■ EXERCISE PROMPT
Output the data below exactly as it is, dropping the pictures from your copy.

■ SUPPLIED INFORMATION
------------------------------------------------------------------------
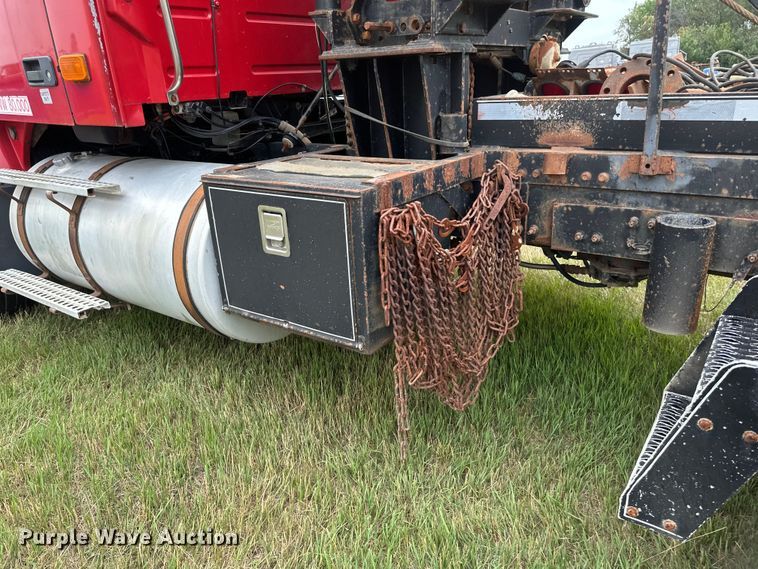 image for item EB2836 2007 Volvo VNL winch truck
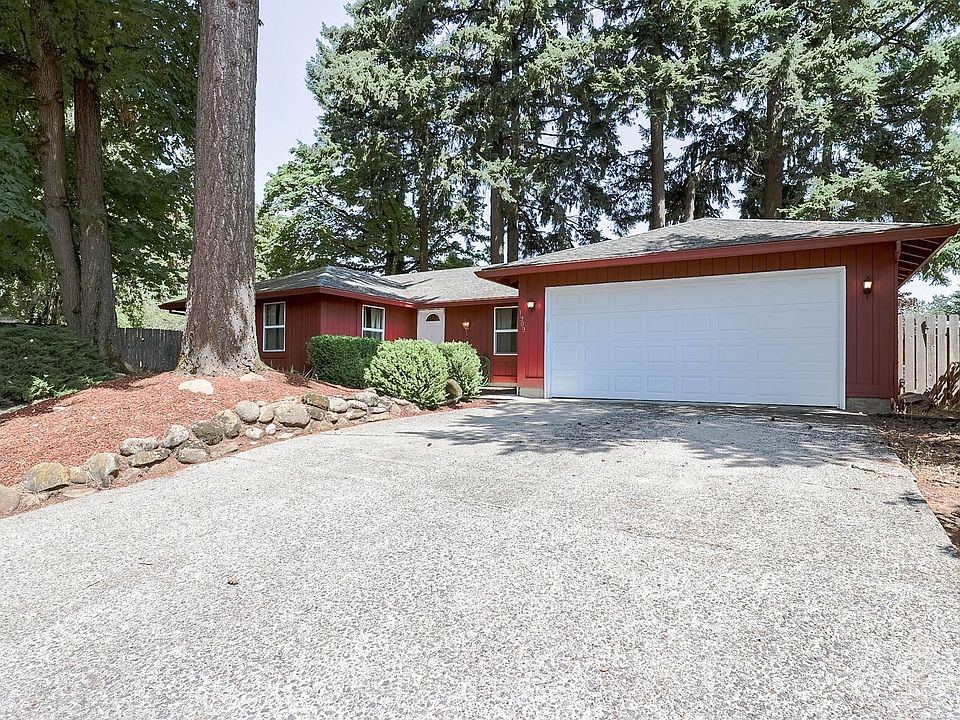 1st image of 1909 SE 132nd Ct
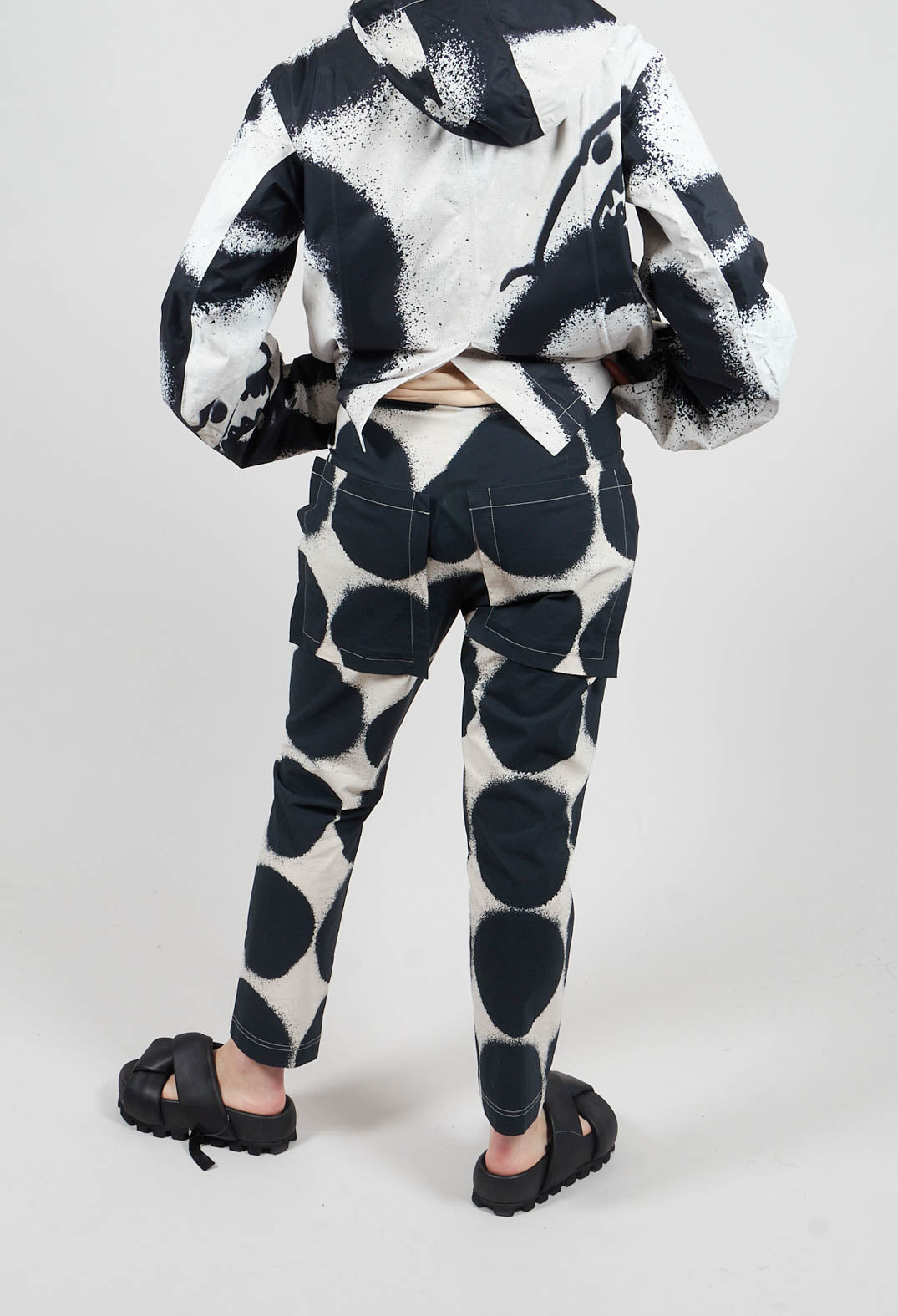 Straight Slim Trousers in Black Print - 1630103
------------------------------------------------------------------------
■ SOLUTION TO THIS PROBLEM
 image for item EB2836 2007 Volvo VNL winch truck
 1st image of 1909 SE 132nd Ct
 Straight Slim Trousers in Black Print - 1630103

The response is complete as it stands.